Waterloo’s MetricWire Improves Study Responses by Integrating Smartphones into Research
Leveraging the ubiquity of cell phones and our compulsion to constantly check them, Kitchener-Waterloo startup MetricWire aims to revamp the way academic studies are completed.
Their product is a platform that researchers can use to more reliably reach their study participants. Instead of depending on participants to complete journals, to answer surveys on desktop machines or to report results after the fact, MetricWire leverages the push notifications and always-on immediacy of cell phones to poll participants with up-to-the-minute questions, and to receive up-to-the-minute responses.
The immediacy of MetricWire’s platform promises to improve response rates and to minimize research fatigue, all while offering data storage, setup and analytics that would normally cause considerable technical headaches for many research teams.
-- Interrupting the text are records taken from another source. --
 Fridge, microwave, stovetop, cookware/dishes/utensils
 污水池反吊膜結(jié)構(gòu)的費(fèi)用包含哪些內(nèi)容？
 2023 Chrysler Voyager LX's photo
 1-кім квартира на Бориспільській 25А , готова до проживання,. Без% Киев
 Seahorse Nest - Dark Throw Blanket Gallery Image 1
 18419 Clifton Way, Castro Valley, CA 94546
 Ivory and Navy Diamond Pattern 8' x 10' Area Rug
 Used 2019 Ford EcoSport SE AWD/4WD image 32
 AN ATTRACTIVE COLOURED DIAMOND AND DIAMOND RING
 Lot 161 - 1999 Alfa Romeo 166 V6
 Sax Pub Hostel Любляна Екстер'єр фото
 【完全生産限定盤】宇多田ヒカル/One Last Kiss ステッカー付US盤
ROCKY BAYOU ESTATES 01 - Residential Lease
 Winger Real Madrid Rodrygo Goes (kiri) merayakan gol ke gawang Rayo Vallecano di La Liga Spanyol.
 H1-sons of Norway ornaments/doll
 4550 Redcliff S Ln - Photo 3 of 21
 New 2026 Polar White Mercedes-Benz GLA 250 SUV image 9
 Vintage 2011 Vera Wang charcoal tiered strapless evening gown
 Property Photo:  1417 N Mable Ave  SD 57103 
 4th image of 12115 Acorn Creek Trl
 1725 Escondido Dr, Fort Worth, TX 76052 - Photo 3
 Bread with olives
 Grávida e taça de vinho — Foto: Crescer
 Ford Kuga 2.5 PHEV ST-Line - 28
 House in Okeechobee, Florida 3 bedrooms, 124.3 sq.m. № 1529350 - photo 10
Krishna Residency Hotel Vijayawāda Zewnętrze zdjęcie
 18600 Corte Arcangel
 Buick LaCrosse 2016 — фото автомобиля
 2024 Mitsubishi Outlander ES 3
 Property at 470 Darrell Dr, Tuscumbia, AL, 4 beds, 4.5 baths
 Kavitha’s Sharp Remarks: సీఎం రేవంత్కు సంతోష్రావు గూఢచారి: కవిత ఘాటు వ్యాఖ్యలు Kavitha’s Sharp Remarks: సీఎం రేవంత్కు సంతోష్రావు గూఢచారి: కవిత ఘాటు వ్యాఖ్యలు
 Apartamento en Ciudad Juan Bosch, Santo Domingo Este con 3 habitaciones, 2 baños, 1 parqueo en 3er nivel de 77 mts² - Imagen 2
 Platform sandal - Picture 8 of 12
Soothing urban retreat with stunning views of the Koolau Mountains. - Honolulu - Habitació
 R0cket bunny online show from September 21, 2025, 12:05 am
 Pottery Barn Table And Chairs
MetricWire cofounder and CEO Brian Stewart credits the improved penetration of smart phone devices for his startup’s existence.
“All of this infrastructure’s out there. Why not just take advantage of it?” he asked. “Why aren’t we doing this? The reason is that you have to program these things, and that’s expensive.”
Stewart explained that prior to MetricWire’s solution, researchers would have to hard-code their own surveys, potentially on institution-owned devices, like BlackBerry phones, which would go out on loan to survey participants. The cost of leveraging the technology was prohibitive, and would limit a study’s sample size.
“Researchers don’t like programming,” Stewart stated. “They like doing research. So we were able to solve that problem.”
MetricWire won the Velocity Venture Fund Finals in November 2013 after a mere two months of operation.